▶ **WORK TO BE COMPLETED**:
In the records below, find the line with "The middle register" and repeat exactly every line from it through the line with "Next thing we're". Pictures stay out.

▶ **DATA IN THIS EXERCISE**:
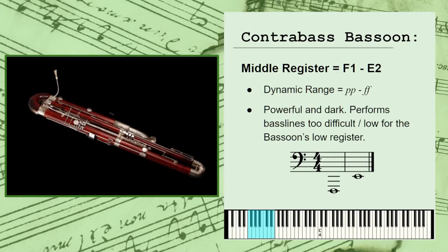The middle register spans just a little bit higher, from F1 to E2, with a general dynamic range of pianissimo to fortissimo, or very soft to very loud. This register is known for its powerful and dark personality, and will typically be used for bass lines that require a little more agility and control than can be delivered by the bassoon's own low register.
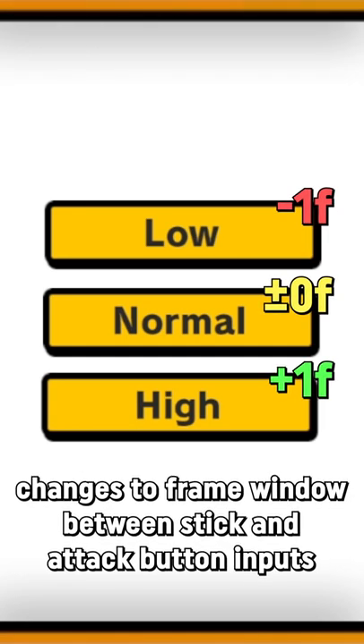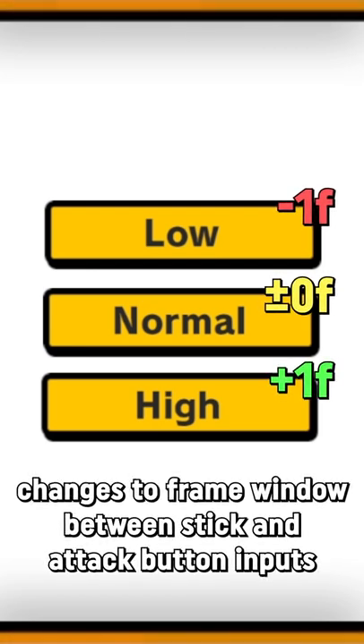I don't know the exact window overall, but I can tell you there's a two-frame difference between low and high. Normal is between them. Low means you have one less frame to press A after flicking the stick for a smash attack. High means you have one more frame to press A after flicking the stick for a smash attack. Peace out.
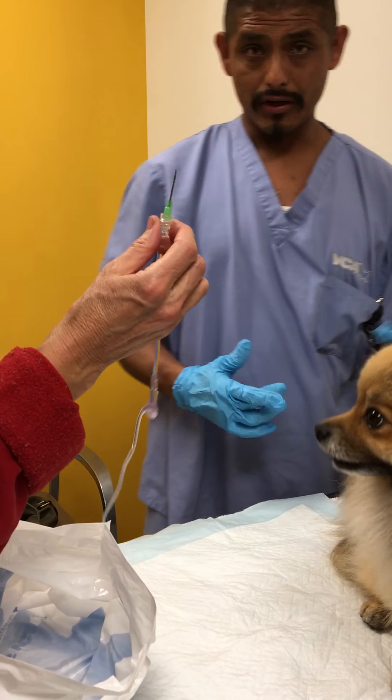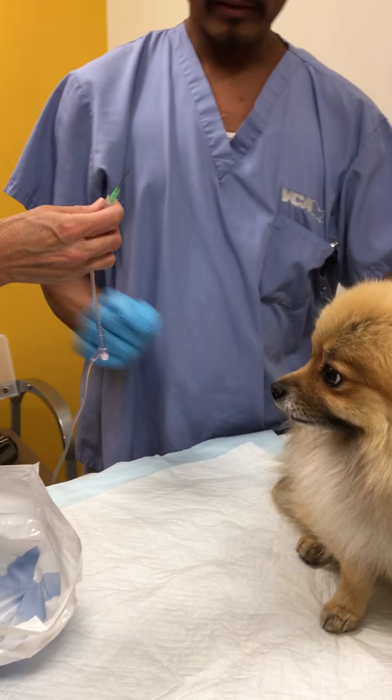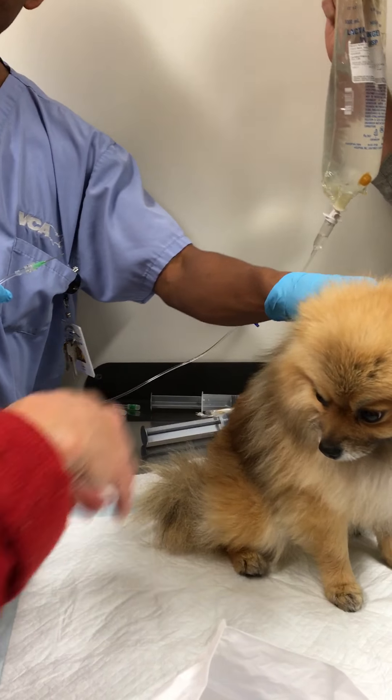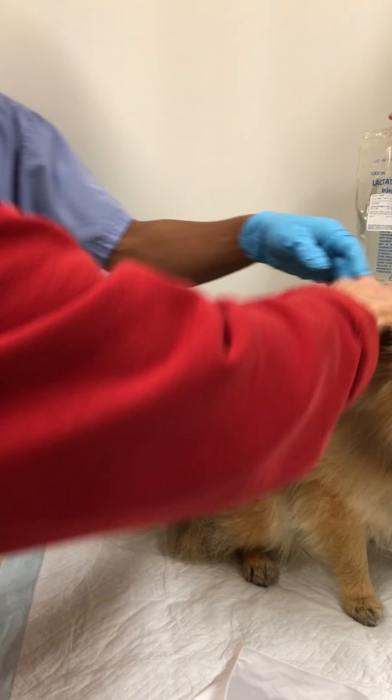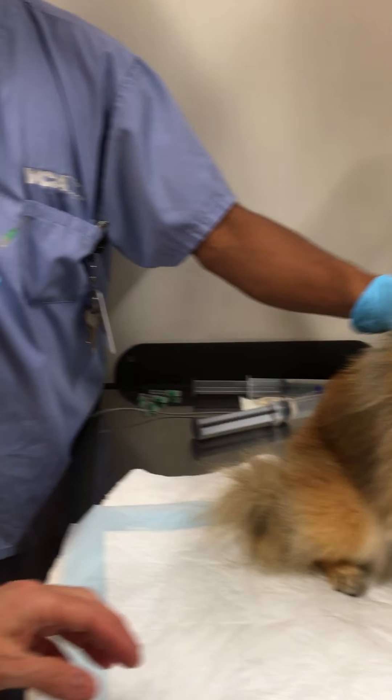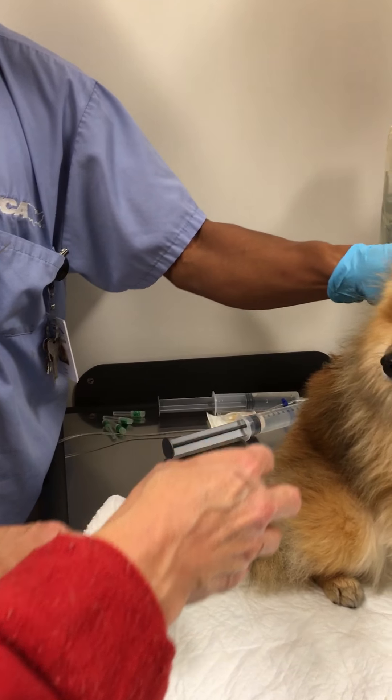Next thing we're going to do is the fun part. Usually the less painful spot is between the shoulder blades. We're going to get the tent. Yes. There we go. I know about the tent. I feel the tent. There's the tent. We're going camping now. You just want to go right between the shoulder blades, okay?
==
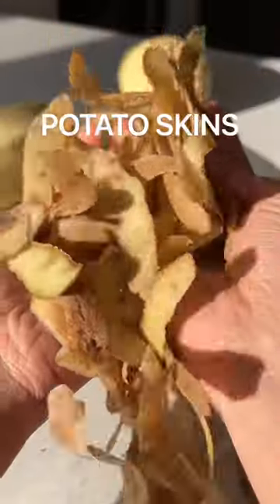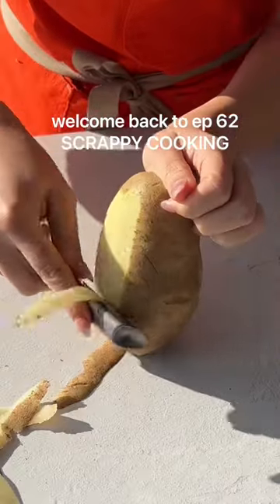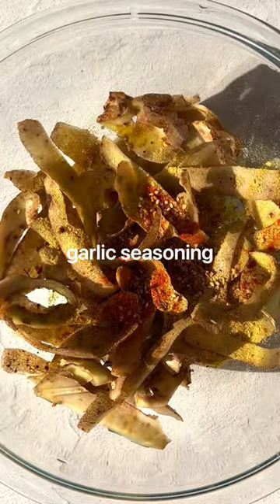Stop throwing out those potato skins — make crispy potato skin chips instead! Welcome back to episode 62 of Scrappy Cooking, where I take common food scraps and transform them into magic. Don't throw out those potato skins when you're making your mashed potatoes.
==
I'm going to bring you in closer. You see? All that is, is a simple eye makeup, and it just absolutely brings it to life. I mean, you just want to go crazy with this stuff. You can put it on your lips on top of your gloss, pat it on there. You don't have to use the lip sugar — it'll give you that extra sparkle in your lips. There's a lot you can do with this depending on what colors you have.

▶ **RESPONSE TO THIS EXERCISE**:
The middle register spans just a little bit higher, from F1 to E2, with a general dynamic range of pianissimo to fortissimo, or very soft to very loud. This register is known for its powerful and dark personality, and will typically be used for bass lines that require a little more agility and control than can be delivered by the bassoon's own low register.
I don't know the exact window overall, but I can tell you there's a two-frame difference between low and high. Normal is between them. Low means you have one less frame to press A after flicking the stick for a smash attack. High means you have one more frame to press A after flicking the stick for a smash attack. Peace out.
Next thing we're going to do is the fun part. Usually the less painful spot is between the shoulder blades. We're going to get the tent. Yes. There we go. I know about the tent. I feel the tent. There's the tent. We're going camping now. You just want to go right between the shoulder blades, okay?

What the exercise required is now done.